*GOAL OF THE EXERCISE*. Transcribe only the part of the material below that begins at the line containing "this 500×375 image." and ends at the line containing "this 1000×750 image.", with both kept and images left out.

*DATA SHOWN*.
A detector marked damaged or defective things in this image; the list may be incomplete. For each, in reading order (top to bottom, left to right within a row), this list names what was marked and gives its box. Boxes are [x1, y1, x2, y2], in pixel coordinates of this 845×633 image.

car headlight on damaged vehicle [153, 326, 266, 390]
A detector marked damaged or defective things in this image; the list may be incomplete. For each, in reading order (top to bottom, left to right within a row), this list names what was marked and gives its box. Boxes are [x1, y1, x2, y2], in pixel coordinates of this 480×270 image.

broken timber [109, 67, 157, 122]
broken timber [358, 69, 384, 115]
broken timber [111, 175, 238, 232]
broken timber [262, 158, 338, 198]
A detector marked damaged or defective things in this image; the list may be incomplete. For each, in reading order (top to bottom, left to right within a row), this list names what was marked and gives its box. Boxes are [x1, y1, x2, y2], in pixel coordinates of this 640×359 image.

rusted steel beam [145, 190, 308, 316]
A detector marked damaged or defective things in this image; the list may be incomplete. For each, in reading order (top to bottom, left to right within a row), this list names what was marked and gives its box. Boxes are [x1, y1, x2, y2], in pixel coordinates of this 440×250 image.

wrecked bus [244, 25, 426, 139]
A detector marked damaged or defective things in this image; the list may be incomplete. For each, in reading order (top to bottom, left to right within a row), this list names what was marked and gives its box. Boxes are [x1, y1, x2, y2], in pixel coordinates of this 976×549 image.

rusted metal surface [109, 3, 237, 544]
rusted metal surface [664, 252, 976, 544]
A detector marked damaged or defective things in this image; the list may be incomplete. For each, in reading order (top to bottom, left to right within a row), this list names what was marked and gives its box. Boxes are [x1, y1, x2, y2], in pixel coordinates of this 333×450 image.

==

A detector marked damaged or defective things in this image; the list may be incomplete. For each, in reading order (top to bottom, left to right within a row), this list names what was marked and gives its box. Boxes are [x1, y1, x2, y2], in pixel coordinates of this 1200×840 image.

...

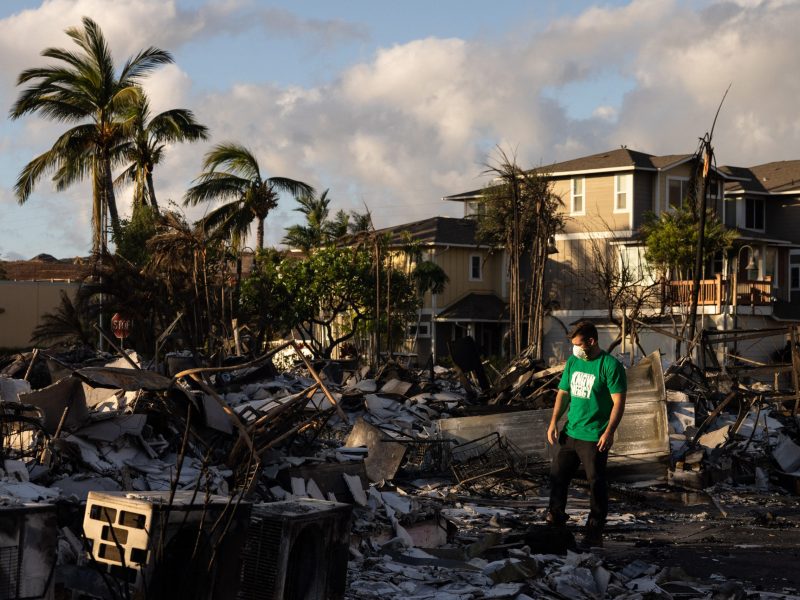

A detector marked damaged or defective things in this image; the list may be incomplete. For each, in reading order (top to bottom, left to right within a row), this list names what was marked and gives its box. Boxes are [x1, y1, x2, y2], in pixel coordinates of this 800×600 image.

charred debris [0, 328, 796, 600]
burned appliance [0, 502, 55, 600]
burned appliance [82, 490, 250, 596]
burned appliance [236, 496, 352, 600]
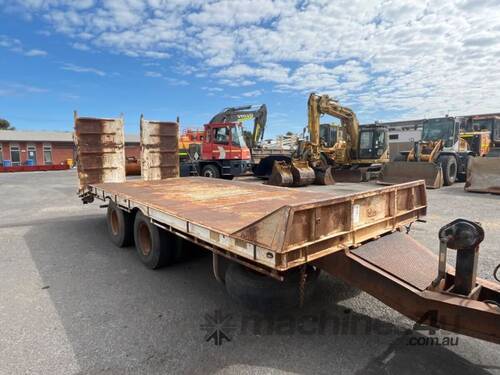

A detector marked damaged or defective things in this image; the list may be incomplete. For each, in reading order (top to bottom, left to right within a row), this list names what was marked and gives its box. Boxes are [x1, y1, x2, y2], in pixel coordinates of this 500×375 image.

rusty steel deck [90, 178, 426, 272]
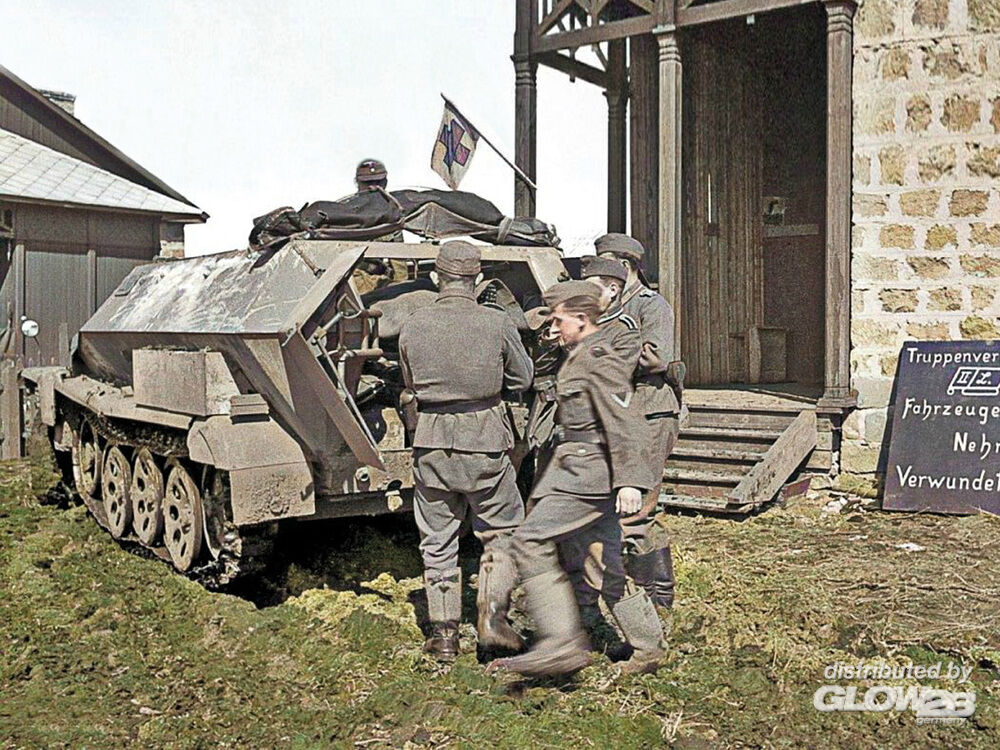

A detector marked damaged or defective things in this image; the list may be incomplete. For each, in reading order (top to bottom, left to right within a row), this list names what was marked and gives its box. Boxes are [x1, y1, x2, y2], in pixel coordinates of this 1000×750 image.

*OUTPUT OF THE EXERCISE*.
A detector marked damaged or defective things in this image; the list may be incomplete. For each, in reading order (top to bottom, left to right within a row), this list names what was marked and gives its box. Boxes are [x1, y1, x2, y2], in pixel coordinates of this 500×375 image.

rusty steel deck [90, 178, 426, 272]

A detector marked damaged or defective things in this image; the list may be incomplete. For each, in reading order (top to bottom, left to right within a row), this list names what was marked and gives its box. Boxes are [x1, y1, x2, y2], in pixel coordinates of this 1000×750 image.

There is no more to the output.